The term tiger is typically applied to countries undergoing rapid economic growth and enjoying high levels of exports, says S&P Vice President of Index Services Alka Banerjee. And those countries have indeed undergone rapid growth. The S&P Southeast Asia 40 Index was up nearly 30% for the first nine months of 2007 and up almost 46% for the 12-month period.

However, this isn't the first index of this kind. In partnership with the stock exchanges of the five member countries of the Association of Southeast Asian Nations, FTSE launched its FTSE/ASEAN Index Series in 2005 covering Indonesia, Malaysia, the Philippines, Thailand and Singapore. The series includes a 40-stock investable index, the FTSE/ASEAN 40 Index.

The most obvious difference between the two indexes is the inclusion of Singapore, a developed market, in the FTSE index. The classifications of the countries could be an issue for investors looking to invest in emerging markets but who may already have exposure to Singapore through investments in developed international markets.

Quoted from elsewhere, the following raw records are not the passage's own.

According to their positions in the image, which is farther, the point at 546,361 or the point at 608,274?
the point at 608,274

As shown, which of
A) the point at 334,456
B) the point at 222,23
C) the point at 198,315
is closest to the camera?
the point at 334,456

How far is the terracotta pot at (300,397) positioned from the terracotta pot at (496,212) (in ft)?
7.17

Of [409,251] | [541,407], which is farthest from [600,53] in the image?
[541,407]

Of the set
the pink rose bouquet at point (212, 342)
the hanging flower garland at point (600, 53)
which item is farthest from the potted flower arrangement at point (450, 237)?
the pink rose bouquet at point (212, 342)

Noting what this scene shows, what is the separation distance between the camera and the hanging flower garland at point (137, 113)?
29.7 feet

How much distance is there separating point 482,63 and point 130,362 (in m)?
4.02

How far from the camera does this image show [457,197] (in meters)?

Singapore represents a significant portion of the FTSE index—12 stocks and more than 46% of the index's market capitalization. Moreover, six of the index's top 10 stocks are Singapore stocks. In addition to excluding Singapore, the S&P index has a modified market capitalization weighting scheme which limits individual stocks to 10% of the index and individual countries to 40% of the index; each country must be represented by at least four components. So while the Philippines has just one stock in the FTSE index and represents a little more than 1% of the index, in the S&P Southeast Asia 40 Index, the Philippines is represented by four stocks and makes up more than 9% of the index. Malaysia is the largest country in the S&P index, representing about 35% of the index, while Thailand is about 30% and Indonesia is nearly 26%. Essentially, if you are looking to capture the performance of the ASEAN region, you would do well to go with the FTSE index. However, if you are strictly looking for exposure to Southeast Asian emerging markets, the S&P index is more practical.

In addition to being included in their respective countries' indexes in the S&P index family, components of the S&P Southeast Asia 40 Index must have a float-adjusted market capitalization of $500 million and a three-month average daily value traded of at least $1 million.


Country Weights and Number of Components
  S&P Southeast Asia 40 Index FTSE/ASEAN 40 Index
Thailand 30.1% (10 stocks) 10.5% (8 stocks)
Philippines 9.4% (4) 1.0% (1)
Indonesia 25.8% (7) 13.6% (7)
Malaysia 34.8% (17) 28.5% (12)
Singapore - 46.4% (12)
*The S&P index currently has only 38 components.